Hi, is there any idea on what causes this and how it can be resolved? Thanks.

‐‐‐‐‐‐‐ Original Message ‐‐‐‐‐‐‐
On Wednesday, December 5, 2018 12:44 AM, Flink Developer <de...@protonmail.com> wrote:

> I have a Flink app with high parallelism (400) running in AWS EMR. It uses Flink v1.5.2. It sources Kafka and sinks to S3 using BucketingSink (using RocksDb backend for checkpointing). The destination is defined using "s3a://" prefix. The Flink job is a streaming app which runs continuously. At any given time, it's possible that each worker will write to a part file in S3. This means all workers combined could potentially generate/write to 400 files (due to 400 parallelism).
>
> After a few days, one of the workers will fail with the exception:
>
>     org.apache.hadoop.fs.s3a.AWSS3IOException: copyFile(bucket/2018-09-01/05/_file-10-1.gz.in-progress, bucket/2018-09-01/05/_file-10-1.gz.pending): com.amazonaws.services.s3.model.AmazonS3Exception: We encountered an internal error. Pelase try again. (Service: Amazon S3; Status Code: 200 InternalError; Request ID: xxxxxxxxxx; S3 Extended Request ID: yyyyyyyyyyyyyyy
>     at org.apache.hadoop.fs.s3a.S3AUtils.translateException(S3AUtils.java: 178)

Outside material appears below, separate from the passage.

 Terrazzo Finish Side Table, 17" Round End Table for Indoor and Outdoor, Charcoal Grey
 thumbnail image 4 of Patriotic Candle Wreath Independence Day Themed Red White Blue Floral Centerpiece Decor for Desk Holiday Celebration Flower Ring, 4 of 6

>     at org.apache.hadoop.fs.s3a.S3AFileSystem.copyFile(S3AFileSystem.java: 1803)
>     at org.apache.hadoop.fs.s3a.S3AFileSystem.innerRename(S3AFileSystem.java:776)
>     at org.apache.hadoop.fs.s3a.S3AFileSystem.rename(S3AFileSystem.java:662)

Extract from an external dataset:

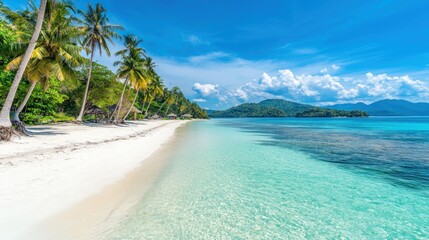 Fototapeta premium Tropical Paradise: Idyllic Beach Scene with Crystal Clear Waters and Lush Palm Trees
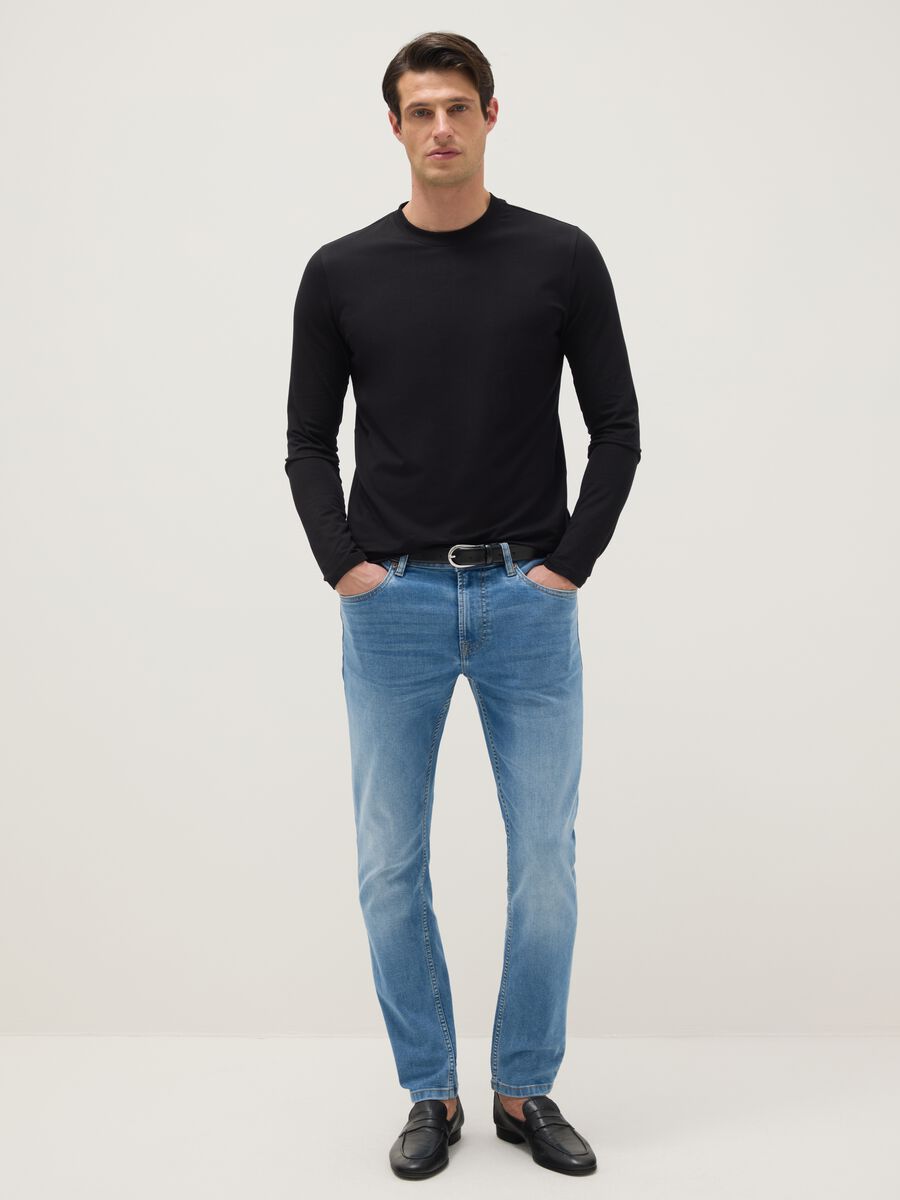 Light Blue Stretch Denim Skinny Fit Jeans_0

>     at org.apache.flink.streaming.connectors.fs.bucketing.BucketingSink.closeCurrentPartFile(BucketingSink.java:575)
>     at org.apache.flink.streaming.connectors.fs.bucketing.BucketingSink.openNewPartFile(BucketingSink.java:514)
>     at org.apache.flink.streaming.connectors.fs.bucketing.BucketingSink.invoke(BucketingSink.java:446)
>
> This seems to randomly occur when a new part file is created by the BucketingSink. The odd thing is that this happens randomly but consistently on separate job executions. When it occurs, it happens to 1 of the parallel flink workers (not all). Also, when this occurs, the Flink job transitions into a FAILING state, but the Flink job does not restart and resume/recover from the last successful checkpoint.
>
> What is the cause for this and how can it be resolved? Also, how can the job be configured to restart/recover from the last successful checkpoint instead of staying in the FAILING state?